Copy all of your .c source files into the appropriate subdirectory. Do not submit any .o files. After the deadline for this project, you will be prevented from making any changes in these directory. Remember: No late projects will be accepted!

To ensure that we compile your C correctly for the demo, you will need to create a simple makefile; this way our scripts can just run make to compile your code with the right libraries and flags. If you don't know how to write a makefile, you might want to look at the man pages for make, or better yet, read this little tutorial. Otherwise, check out this very simple sample makefile.

The majority of your grade for this assignment will depend upon how well your implementation works. We will run your program on a suite of about 20 test cases, some of which will exercise your programs ability to correctly execute commands and some of which will test your programs ability to catch error conditions.

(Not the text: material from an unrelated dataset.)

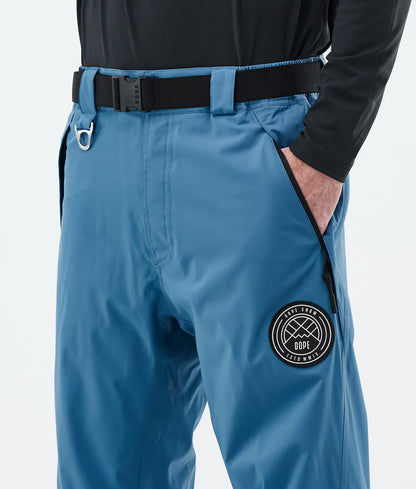 Snowboard Pants For Men Blue Steel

Be sure that you thoroughly exercise your program's capabilities on a wide range of test suites, so that you will not be unpleasantly surprised when we run our tests.

For testing your code, you will probably want to run commands that take awhile to complete. Try compiling and running this very simple C program; when multiple copies are run in parallel you should see the output from each process interleaved. See the code for more details.

Even though you will not be heavily graded on style for this assignment, you should still follow all the principles of software engineering you learned in CS 302, CS 367, and elsewhere, such as top-down design, good indentation, meaningful variable names, modularity, and helpful comments. Don't be sloppy! You should be following these principles for your own benefit.

Finally, while you can develop your code on any system that you want, make sure that your code runs correctly on a machine that runs the Linux operating system. Specifically, since libraries and environments sometimes vary in small and large ways across systems, you should verify your code on the linux machines in the 13XX labs (e.g., the royal or emperor clusters). These machines are where your projects will be tested.

Other Shell Fun

The shell you are building is very simplistic; it doesn't have a PATH variable, it doesn't support changing directories, there is no shell history of previous commands you have run, the user can't customize the prompt, etc. Feel free to play around with adding such functionality; it will give you some more insight into how things really work. However, please don't let your fun ruin your code -- keep a working copy of the shell before playing around.